The Fournier has a light but strong wooden airframe. There is not a spare ounce of mass, no fitting is bigger than it needs to be, and each component integrates with the others in innovative and highly efficient
ways. Built of pine and spruce, with Finnish birch plywood and Dacron fabric covering, the structure weighs a mere 628 pounds. The long, 11.2 to one aspect-ratio wings’ laminated pine spar and ply leading-edge
D-box form the trusty and oft-used NACA 23015/23012 aerofoil. This wing section was originally perfected for sailplanes, and its convex under-surface is good for inverted flight, but beware, it has a sharp stall.

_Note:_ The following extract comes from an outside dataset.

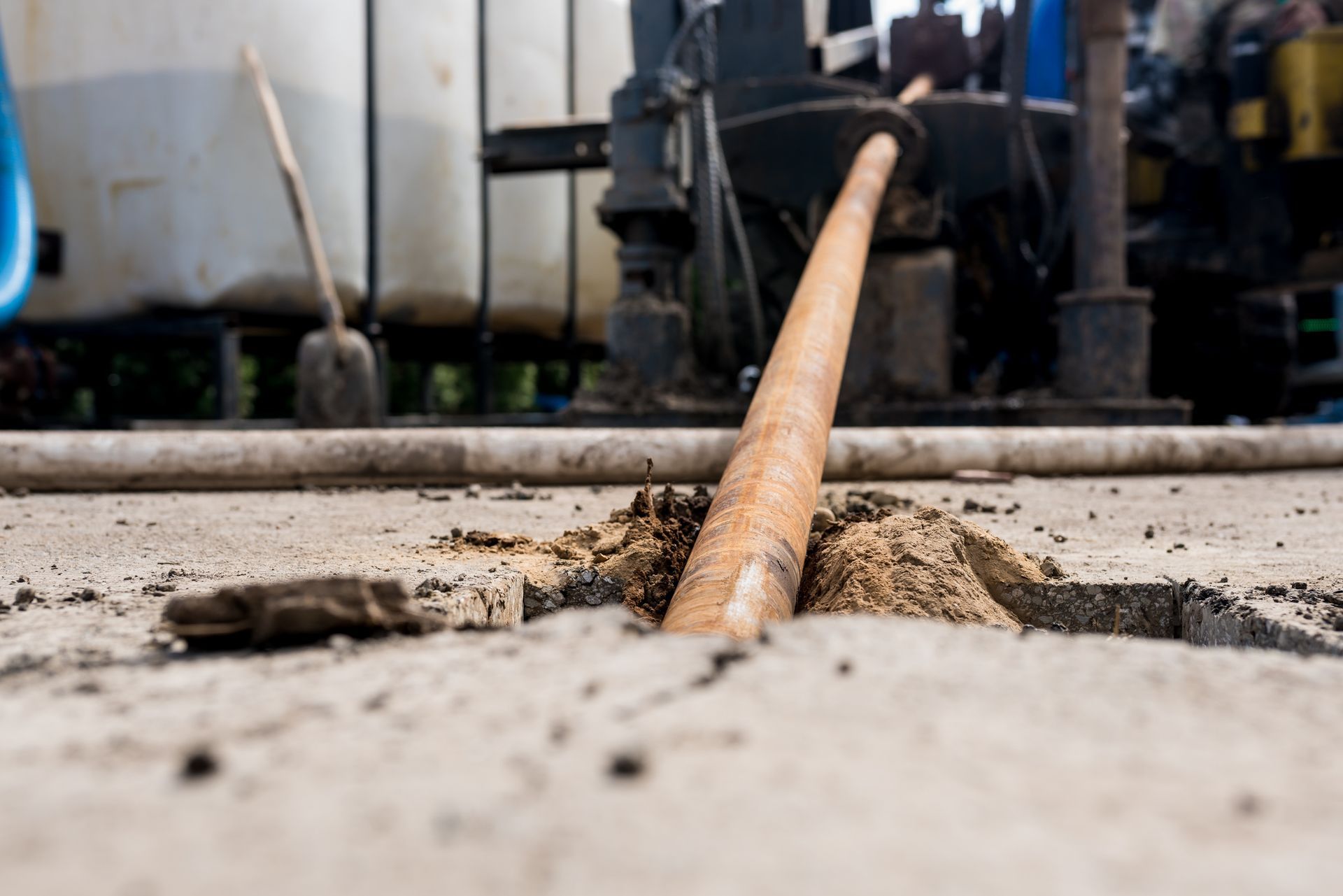 A wooden stick is sticking out of a hole in the ground.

There are four wheels, of which you can only rely on two. The bicycle main undercarriage has a single, small, retractable 500 by 5 main wheel with rubber bungee suspension and a steerable solid tailwheel with
compressed rubber suspension. These are supplemented by two skinny under-wing outriggers (roller-blade wheels on nylon rods) to keep the wing-tips off the ground. The aeroplane will rock from one of these
on to the other as you turn on the ground.

The engine is a French Rectimo-modified 1192cc 1960s Volkswagen Beetle car motor with single ignition and no carburettor heat, since the air intake continuously breathes warm air (although carburettor icing
does occasionally occur). Rectimo claimed it produced 39 horsepower in ISA at sea level (or, at least, it might have, 1,000 hours and 36 years ago). Mine mustered 35.1 hp on a dynamometer.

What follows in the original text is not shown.